## [Work to complete]
Give the data again word for word; drop the pictures.

## [Data shown]
::::::::::

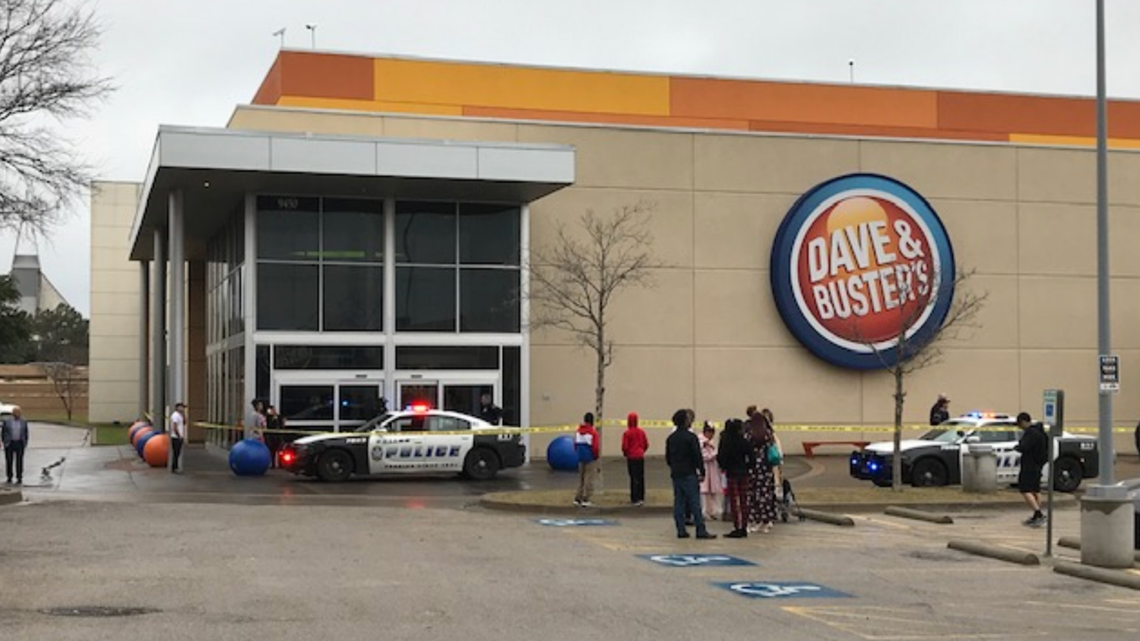 Suspects fires gun at Dave & Buster's in Dallas, police sources say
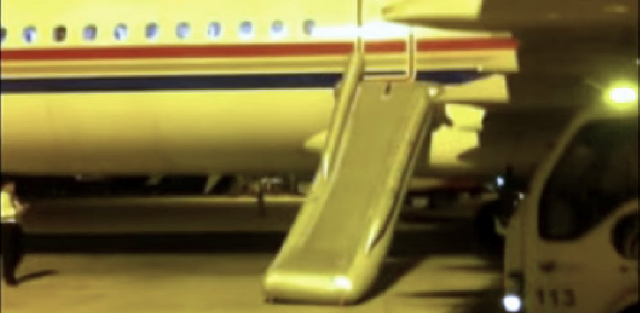 nhung tinh huong do khoc do cuoi tren cac chuyen bay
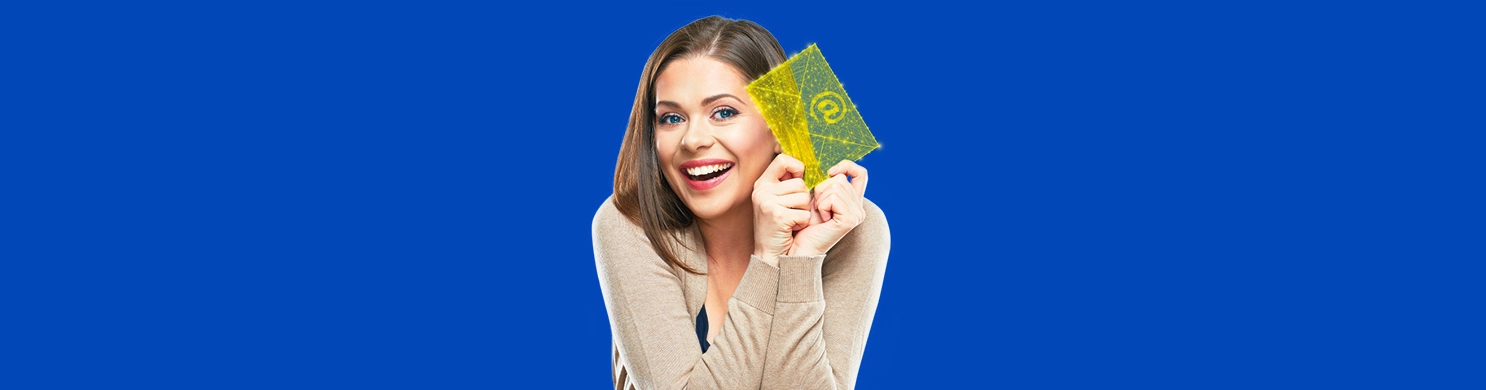 Ragazza con una letterina dorata in mano su sfondo blu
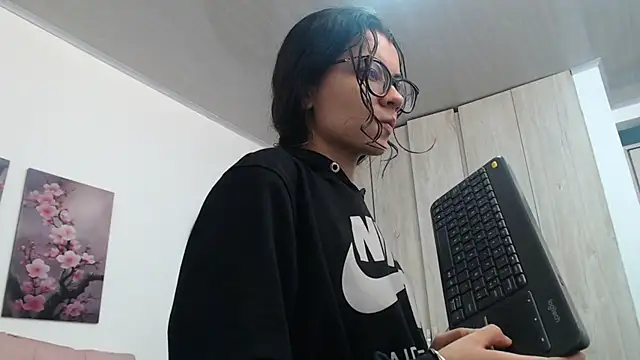 Snapshot of pinky_f00x chatting on 4, 2, 2026 pinky f00x online show from 4, 2, 2026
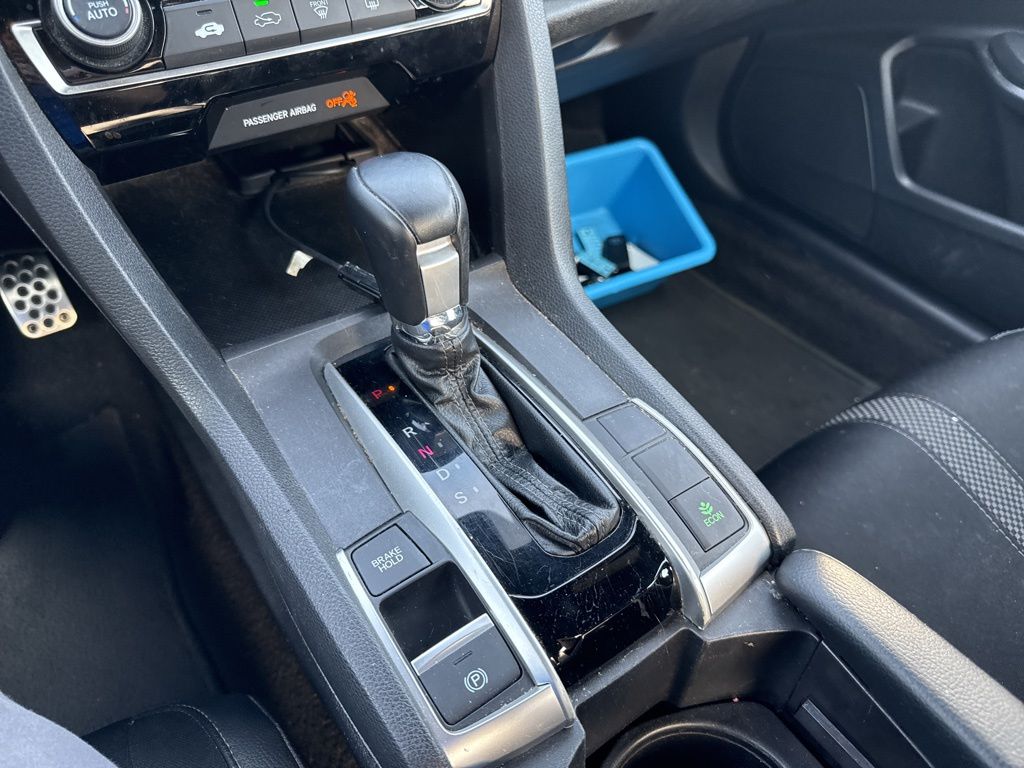 2019 Honda Civic Sport photo 22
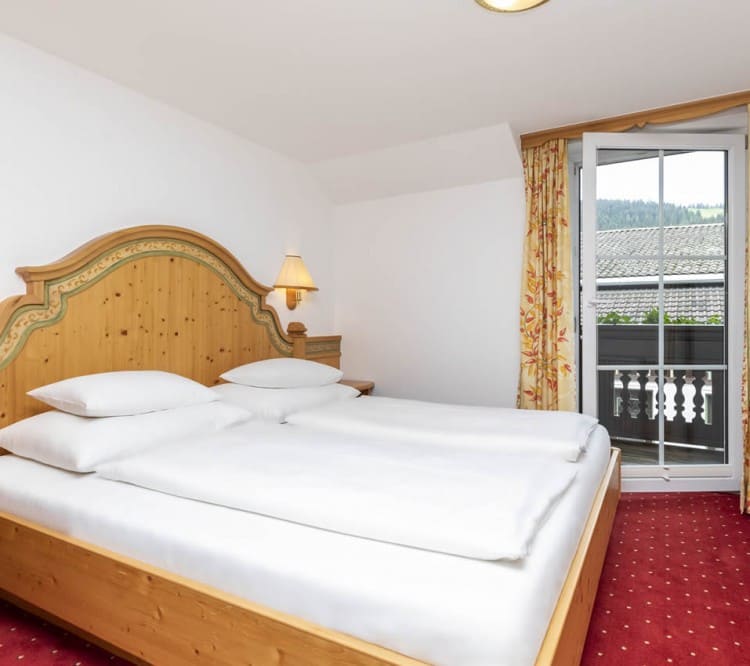 Doppelzimmer mit Balkon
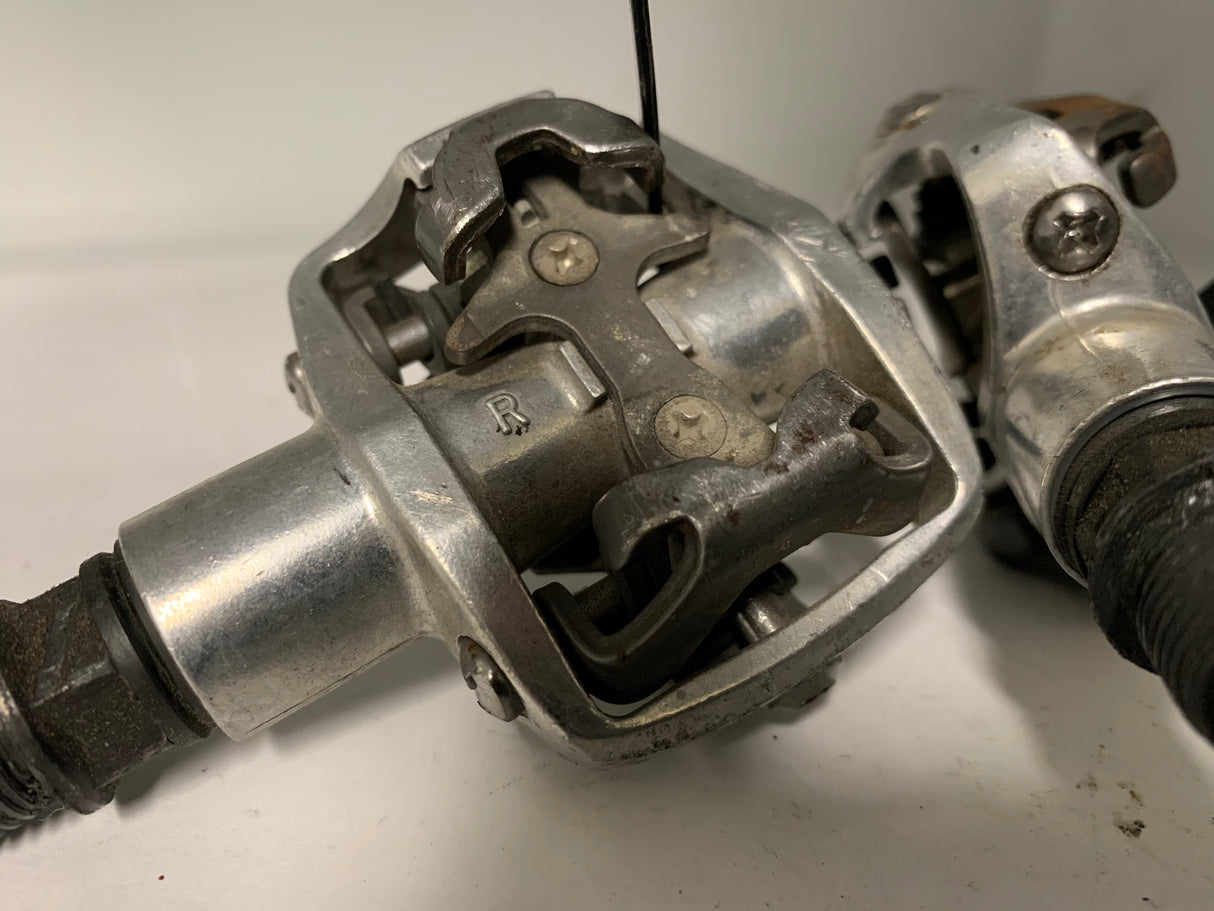 Wellgo WPD 823 Clipless Pedals 9/16 Spindle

::::::::::

## [Solution]
 Suspects fires gun at Dave & Buster's in Dallas, police sources say
 nhung tinh huong do khoc do cuoi tren cac chuyen bay
 Ragazza con una letterina dorata in mano su sfondo blu
 Snapshot of pinky_f00x chatting on 4, 2, 2026 pinky f00x online show from 4, 2, 2026
 2019 Honda Civic Sport photo 22
 Doppelzimmer mit Balkon
 Wellgo WPD 823 Clipless Pedals 9/16 Spindle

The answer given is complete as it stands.